> Exercise prompt
Each line from the one that holds "Χαλκιδική: 7χρονος έπεσε" to the end of the entries is to be given again exactly. Do not include pictures.

> Exercise input
+++

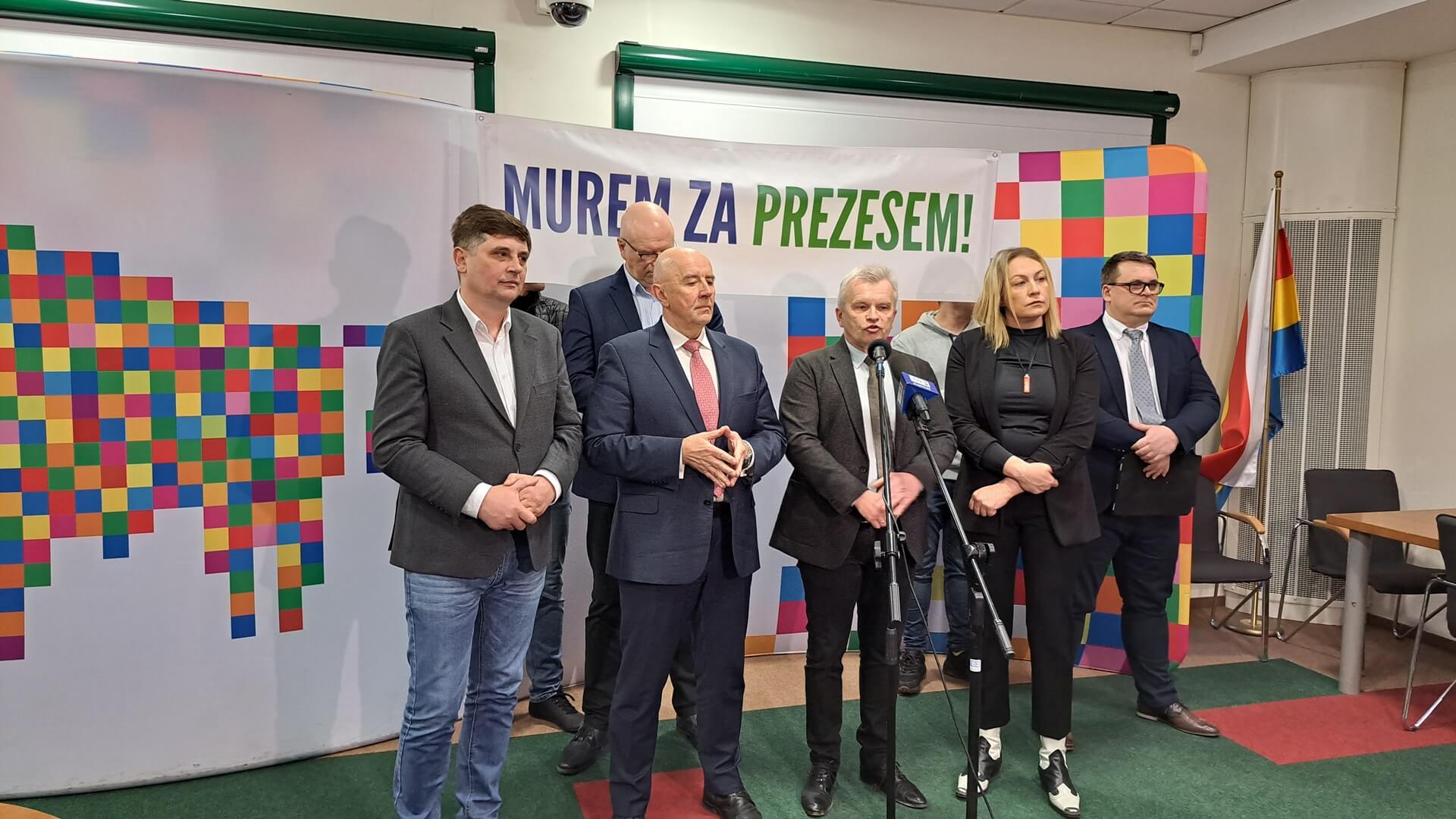 Burzliwa nadzwyczajna sesja sejmiku na temat sytuacji w PKS NOVA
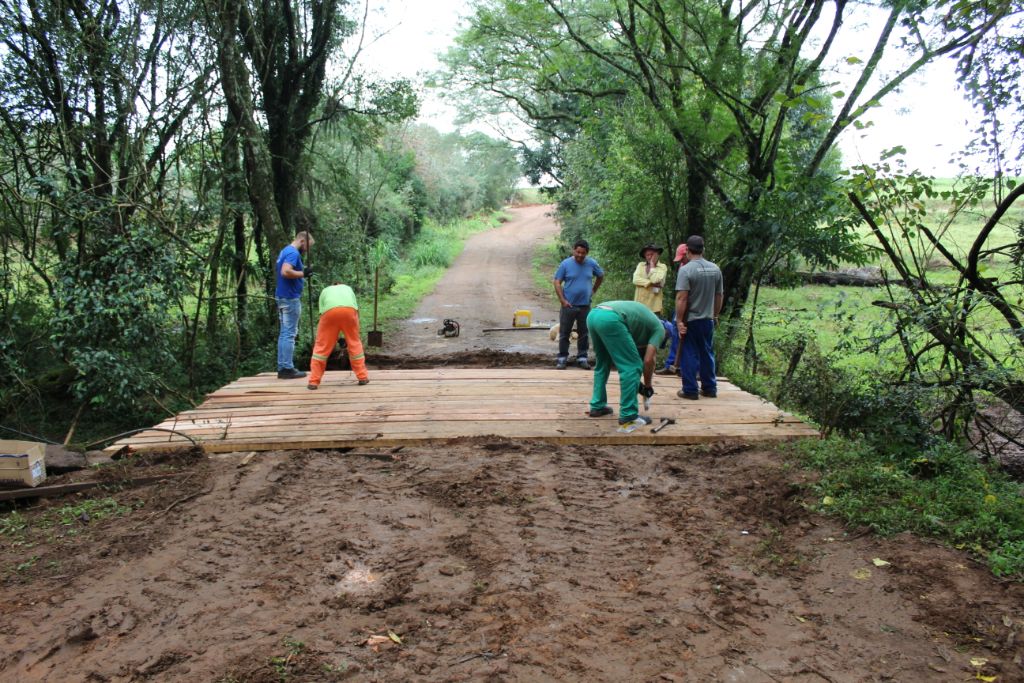 Administração municipal realiza reforma de ponte na comunidade de Polígono do Erval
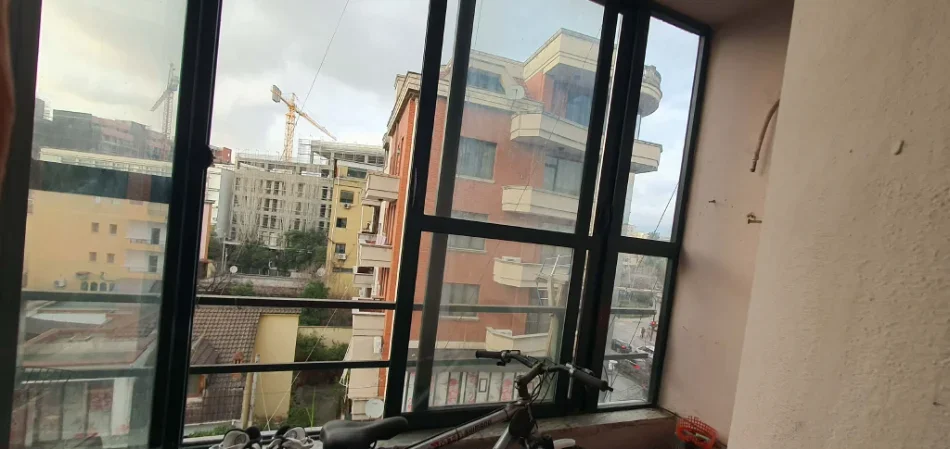 Tirane, shitet nga Pronari, pa-komision apartament 2+1+Ballkon Kati 3, 81 m² 220.000 € (21 DHJETORI)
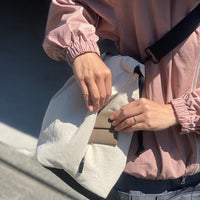 Soft Tuck Shoulder Tote Bag: M Size
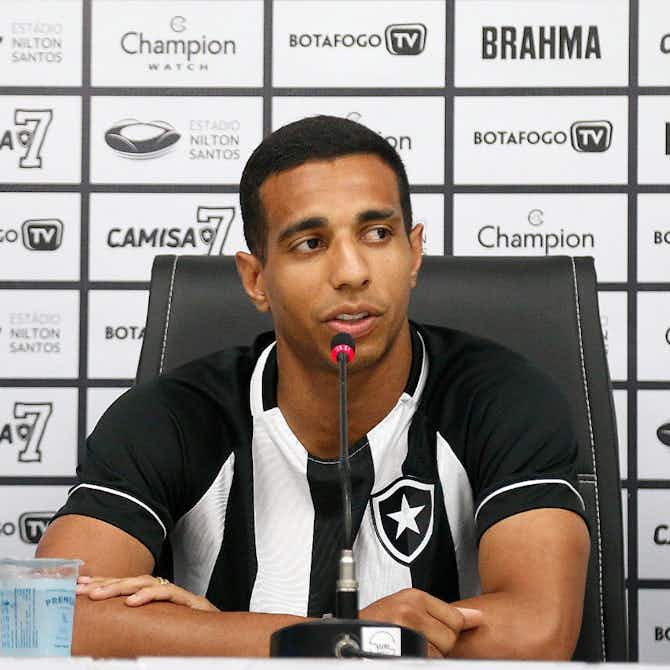 Imagem de visualização para Victor Sá é apresentado pelo Botafogo e agradece apoio da torcida: ‘Recebi muito carinho’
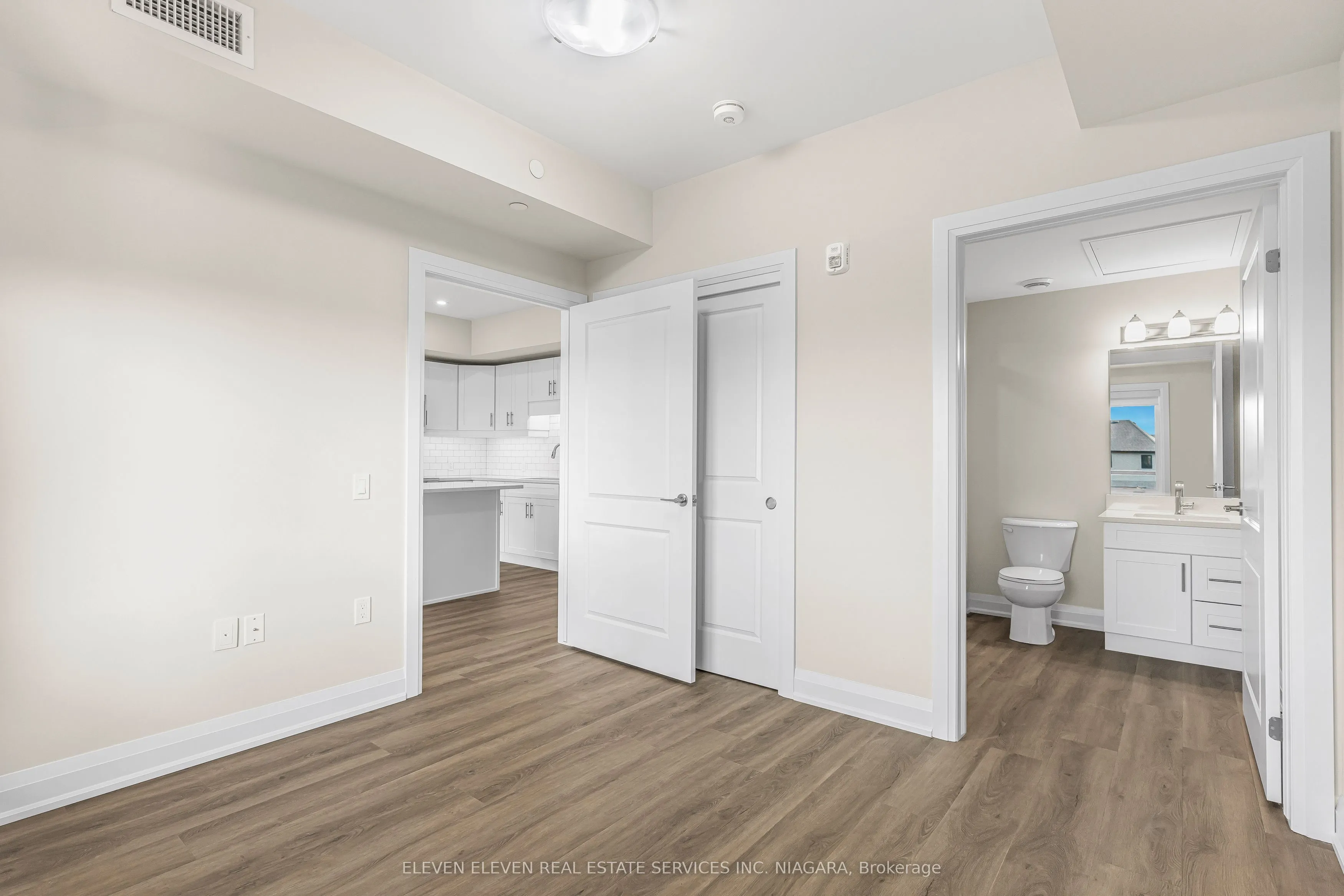 118 Summersides Boulevard, #206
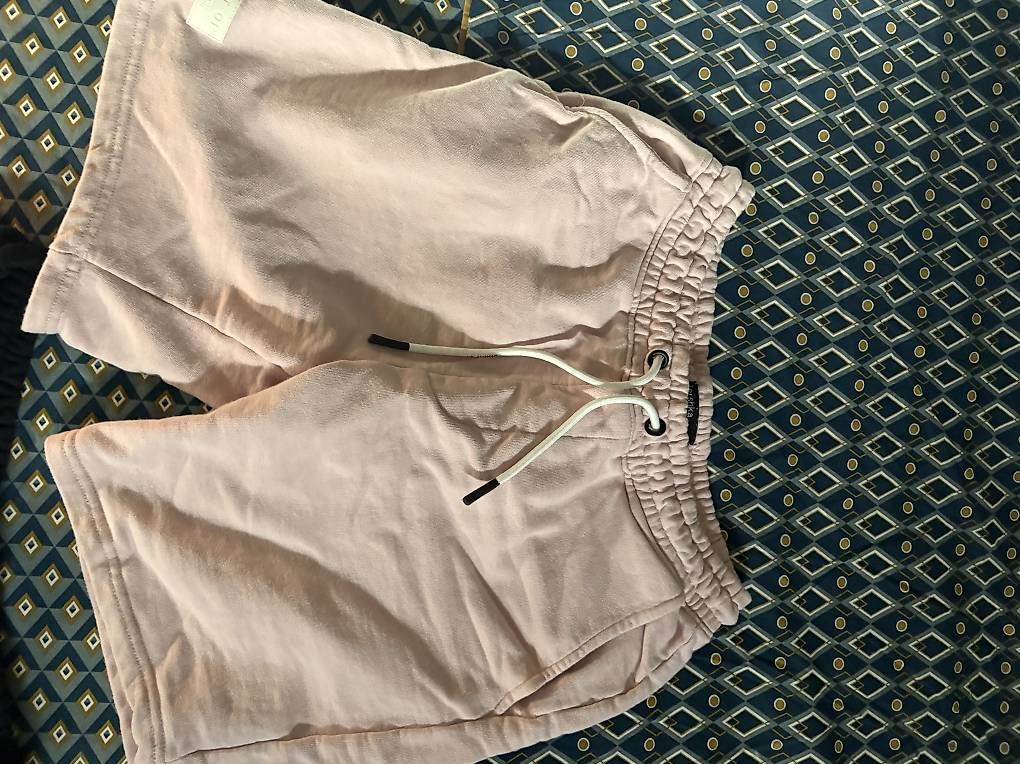 Hosen: Bershka - short rose taille M – Gebraucht aus Geneve von tom_d7f8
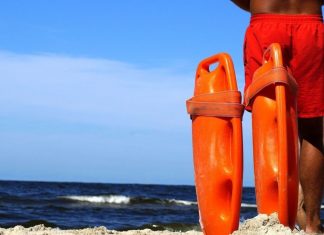 Χαλκιδική: 7χρονος έπεσε από φουσκωτό και κινδύνευσε να πνιγεί – Σώθηκε από ναυαγοσώστες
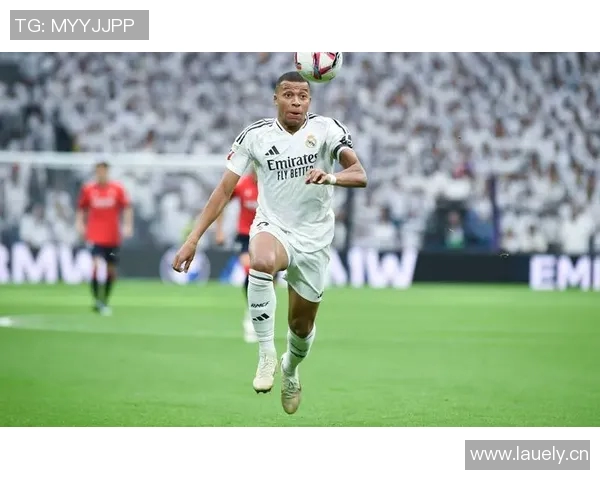 姆巴佩正式加盟皇马,实现梦想征战西甲! 姆巴佩正式加盟皇马,实现梦想征战西甲!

+++

> Reply
 Χαλκιδική: 7χρονος έπεσε από φουσκωτό και κινδύνευσε να πνιγεί – Σώθηκε από ναυαγοσώστες
 姆巴佩正式加盟皇马,实现梦想征战西甲! 姆巴佩正式加盟皇马,实现梦想征战西甲!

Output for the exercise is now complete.